## Task details
Repeat nothing but the line that contains "Jonathan Orozco, #1" and the lines after it, through the end of the listing, exactly as they stand; omit pictures.

## Exercise data
'''

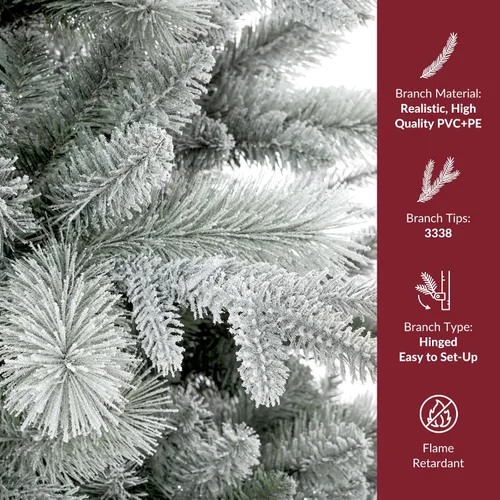 Vista 4 de SHareconn Prelit Árbol de Navidad artificial blanco flocado de 7 pies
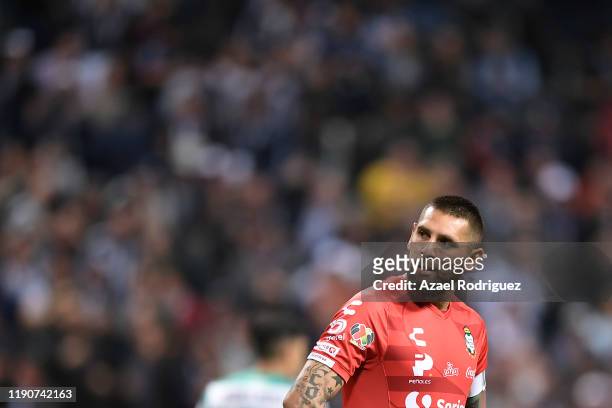 Jonathan Orozco, #1 of Santos, reacts during the quarterfinals first leg match between Monterrey and Santos Laguna as part of the Torneo Apertura...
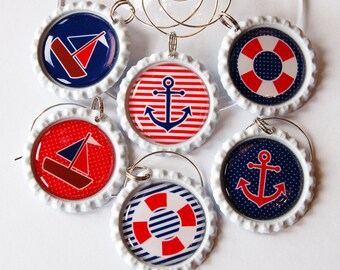 Nautical Wine Charms, Sailing charms, Wine Glass Charms, Wine Charms, Nautical Housewares, nautical, sailing, boat, anchor, red, blue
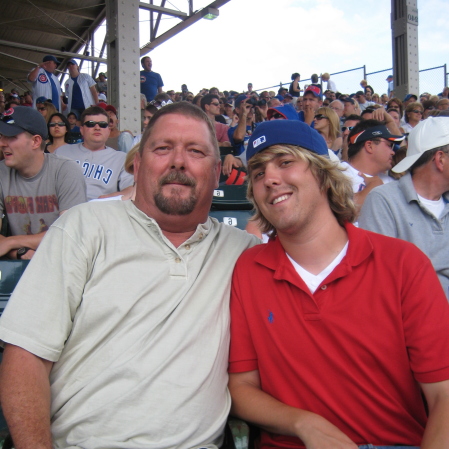 Dad and Austin at Cubs Game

'''

## Answer box
 Jonathan Orozco, #1 of Santos, reacts during the quarterfinals first leg match between Monterrey and Santos Laguna as part of the Torneo Apertura...
 Nautical Wine Charms, Sailing charms, Wine Glass Charms, Wine Charms, Nautical Housewares, nautical, sailing, boat, anchor, red, blue
 Dad and Austin at Cubs Game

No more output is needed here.